Book Review: Riot: A Novel
Authors: Shashi Tharoor
Publisher: Penguin, New Delhi, India; 2001
“The secret of great stories is that they have no secrets. Great stories are the ones you have heard and want to hear again…They don’t deceive you with thrills and trick endings. They don’t surprise you with the unforeseen…You know how they end, yet you listen as though you don’t…In great stories you know who lives, who dies, who finds love and who doesn’t; yet you want to know again. That is their mystery and their magic” — Arundhati Roy.
Once in years, one reads a story that stirs emotions lying dormant for what seems like eons. The story, simple, almost stark, gleams plainly confident in its contextual strength, of contents that are so commonplace, so real they leap off the pages emboldened by the extraordinariness of their being situated in that particular scene of that unwieldy book called life.

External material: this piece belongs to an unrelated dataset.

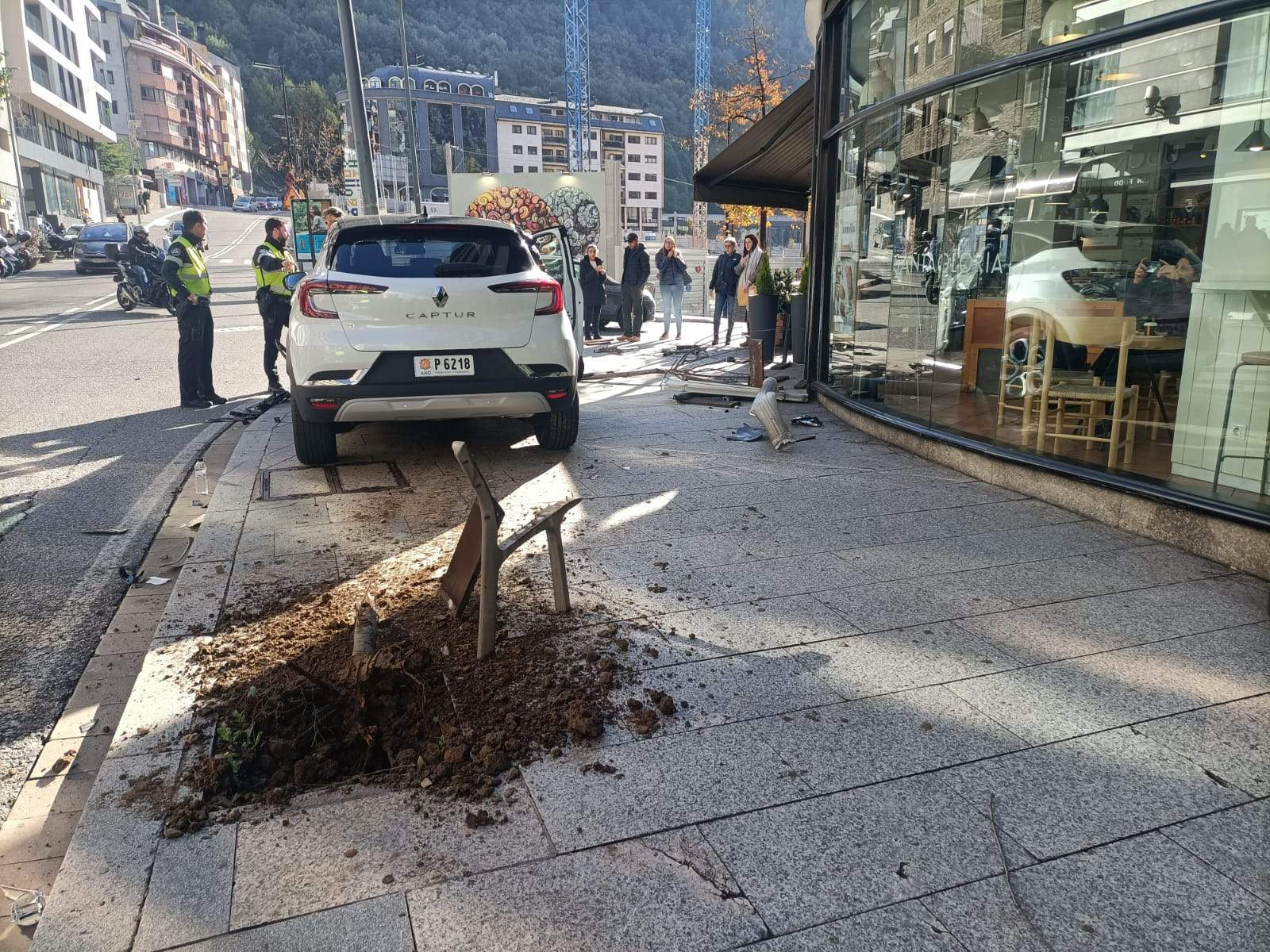 Un dels cotxes ha quedat damunt de la voravia. Un dels cotxes ha quedat damunt de la voravia.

The characters, each cloaked in layered individuality, speak of unique dilemmas in such bare terms that it becomes a collective narrative of all others like him/her — of race, of nation, of religion, of skin colour, of life playing games. The multi-chronicled different faiths being used as instruments of division, of hatred, of death connect to the hands of those with inscrutable visages, who do things that turn lives upside down, irreversibly. The story opens darkly, like ominous thunder on an inky night in a deserted island, and one turns pages quietly, dreading what will happen to that lovely woman, with her bluer-than-the-ocean eyes, and the love for a man she loves like no one else. The story of a woman who loves the right man at the wrong time, in the right place at the wrong time of history. Interwoven with religious mantras that become the raison d’etre to kill, uneasy in the complexity of their stances, yet smooth as melted Häagen-Dazs mint ice-cream, join to form the breathtakingly-structured novel called Riot, and the story becomes one of those great stories you have heard, and want to hear again. And again.

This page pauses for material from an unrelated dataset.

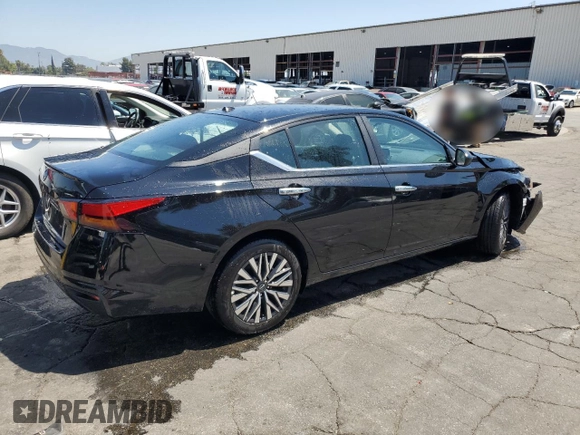 2025 Nissan Altima SV z VIN 1N4BL4DV8SN385784, wystawiony jako Copart lot #59095405 z przebiegiem 1 635 mil mil oraz Czysty tytuł • Clean title. Historia ofert i sprzedaży dostępna na DreamBid. Obrazek 3.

Riot written by the international diplomat-turned-politician-cum-writer Dr Shashi Tharoor is one of those unassuming books one picks up absentmindedly, then sits up and goes whoa…Riot is that good. It is simply one of those books that takes one’s breath away, and one rues not having read it all these years. This is not a review of a much-read, 13-year-old book, eulogised by The Washington Post, Chicago Tribune, and The Independent; this is simply my way of celebrating one of the best books I have ever read, the response to which could be one word: wow.

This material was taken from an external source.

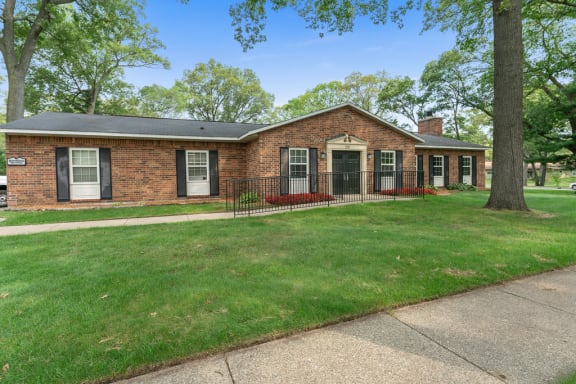Community Building at Carriage House Apartments of Muskegon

Dr Tharoor, writer of 12 other books, including the brilliant, wickedly smart, the Mahabharata-meets-Indian-history The Great Indian Novel (mandatory reading in several courses on post-colonial literature); a satirical comment on the self-righteous profundity of Bollywood in Show Business, and The Five Dollar Smile, a collection of stories so delightfully-varied in the response they elicit it is hard to imagine one person penning them. Recipient of several awards, including the Commonwealth Writers’ Prize, named to India’s highest honour for Overseas Indians, the Pravasi Bharatiya Samman in 2004, the Pride of India Award from the Zakir Husain Memorial Foundation, Tharoor stands out as one of the most prolific and brilliant writers in recent times, his latest Pax Indica garnering tremendous response globally.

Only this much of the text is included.